The mystery this week involves the team trying to track down the kidnapped daughter of the head of one of two rival Chinese gangs. It’s hardly the toughest case to figure out (hint: the episode’s title gives the kidnapper’s motive away) and it takes itself a bit too seriously for a show about a fake psychic detective. But it does give the opportunity for Shawn to get his butt kicked, whilst attempting to take on an opponent using Kung Fu (or Wushu, as Gus insists on defining their fighting style as). The episode’s best bit of physical comedy involves Shawn and Gus taking on a karate master using household cleaning supplies.
The main surprise of the martial arts plotline on a pop culture-obsessed (specifically 1980s pop culture-obsessed) show such as Psych, comes from the perplexing lack of callbacks to The Karate Kid. Shawn makes one half-hearted attempt at a crane kick, but that is all we’re given. Ralph Macchio doesn’t even garner a mention. I expect more from this series.
But while the episode’s plot is hardly the most compelling the show’s ever had, the back-and-forth between Roday and Hill, always the strongest part of Psych, is as good as ever. Unsurprisingly, they rely on jokes they’ve used many times before, such as Shawn’s habit of coming up with ridiculous pseudonyms at a moment’s notice. But, perhaps a little more surprisingly, the jokes still work. The biggest laugh of the episode comes when Shawn introduces himself and Gus both as “John Jacob Jingleheimer Schmidt” and then goes on to complain about all the people shouting.
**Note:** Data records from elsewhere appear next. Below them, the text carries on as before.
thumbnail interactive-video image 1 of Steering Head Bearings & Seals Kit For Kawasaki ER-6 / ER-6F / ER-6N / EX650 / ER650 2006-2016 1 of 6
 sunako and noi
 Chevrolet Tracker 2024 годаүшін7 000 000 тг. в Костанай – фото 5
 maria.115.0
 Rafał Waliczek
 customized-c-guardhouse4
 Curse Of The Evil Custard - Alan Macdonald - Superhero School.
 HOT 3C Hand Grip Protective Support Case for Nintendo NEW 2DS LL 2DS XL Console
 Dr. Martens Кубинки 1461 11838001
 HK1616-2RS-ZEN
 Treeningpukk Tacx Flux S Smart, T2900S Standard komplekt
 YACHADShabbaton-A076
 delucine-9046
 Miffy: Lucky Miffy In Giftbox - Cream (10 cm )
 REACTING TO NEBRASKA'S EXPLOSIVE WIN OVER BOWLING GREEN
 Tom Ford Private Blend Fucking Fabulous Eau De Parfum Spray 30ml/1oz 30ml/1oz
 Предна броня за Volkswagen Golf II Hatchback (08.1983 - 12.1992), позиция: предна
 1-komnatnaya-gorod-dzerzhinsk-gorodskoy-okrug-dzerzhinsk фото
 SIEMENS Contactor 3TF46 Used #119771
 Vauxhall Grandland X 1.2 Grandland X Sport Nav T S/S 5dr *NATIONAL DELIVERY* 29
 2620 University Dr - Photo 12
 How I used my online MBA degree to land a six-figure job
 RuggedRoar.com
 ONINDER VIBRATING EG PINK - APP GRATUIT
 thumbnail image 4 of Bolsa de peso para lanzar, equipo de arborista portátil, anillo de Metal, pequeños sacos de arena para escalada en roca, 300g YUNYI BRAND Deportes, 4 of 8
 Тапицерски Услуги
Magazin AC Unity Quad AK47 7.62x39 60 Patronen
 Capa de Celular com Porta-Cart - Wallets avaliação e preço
Also still strong is the relationship between Shawn and his Dad and it’s always fun to get moments where we see the origins of Shawn’s craziness. Here we get a mention of how Dad used to hide the family Easter Eggs fifteen feet under ground, all in order to challenge his eight-year-old son.
As the series enters a half-decade on the air, the creative team behind it show little signs of messing with the formula that has worked so well for them. While this might be comforting to some fans, it does raise questions about just how much longer Psych can last. Some evolution is inevitable, such as further development of the long-brewing romantic tension between Shawn and Juliet. But it remains to be seen just how much this will actually shake up the show. Even without much change, as long as Roday and Hill are able to wring laughs out of their situations, as they are here, it should be enough. Sometimes, however, I just wish they’d stretch things a little more.